A coalition of 13 leading gambling operators in the Swedish market has taken a unified stand against a controversial tax proposal put forward by horse racing operator ATG.
In a collective letter issued by the trade association Branschföreningen för Onlinespel (BOS), executives including Stella David of Entain, Pontus Lindwall of Betsson Group, and Per Widerström of evoke urged the government to reject ATG’s call for a restructuring of the national gambling tax framework.
The conflict stems from ATG’s lobbying efforts to reduce the tax on horse racing betting to 18 percent, a move the operator suggests offsetting by raising the general gambling tax, which applies to online casinos, to 26 percent. ATG’s argument rests on the premise that online casino products carry higher risks and that revenue from horse betting is vital for funding the equestrian sector.
However, the BOS coalition warns that such a shift could have severe consequences for market stability and consumer safety.

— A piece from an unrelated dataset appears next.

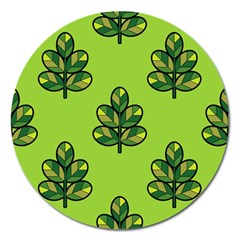 Seamless Background Green Leaves Black Outline Magnet 5  (round) by Mariart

The core of their argument revolves around “channelization”—the rate at which players choose licensed, regulated operators over unlicensed offshore sites. Gustaf Hoffstedt, Secretary General of BOS, highlighted the disparity in current channelization rates between the two verticals. “Horse betting has a channelisation rate of between 98-99 per cent,” Hoffstedt noted, whereas “online casino, according to the most optimistic estimates, has a channelisation rate of between 72-82 per cent.”
The fear is that increasing the tax burden on the already struggling online casino sector will only drive more players to the black market. “The higher the tax, the greater the risk that the consumer will choose unlicensed gambling, where neither gambling tax nor consumer protection exists,” Hoffstedt explained. He described the logic of lowering taxes for a high-channelization sector while raising them for a low-channelization one as “completely incomprehensible,” particularly “for those who prioritize consumer protection.”
The letter also pointed out that the industry is already grappling with a recent tax hike from 18 to 22 percent. Furthermore, BOS reminded stakeholders that ATG has already benefited significantly from past reforms. “It can be recalled in this context that until the reregulation of the gambling market in 2019, ATG paid 35 per cent tax on its gambling surplus,” Hoffstedt stated, adding that the company has “therefore de facto already received a significant tax reduction with the reform.”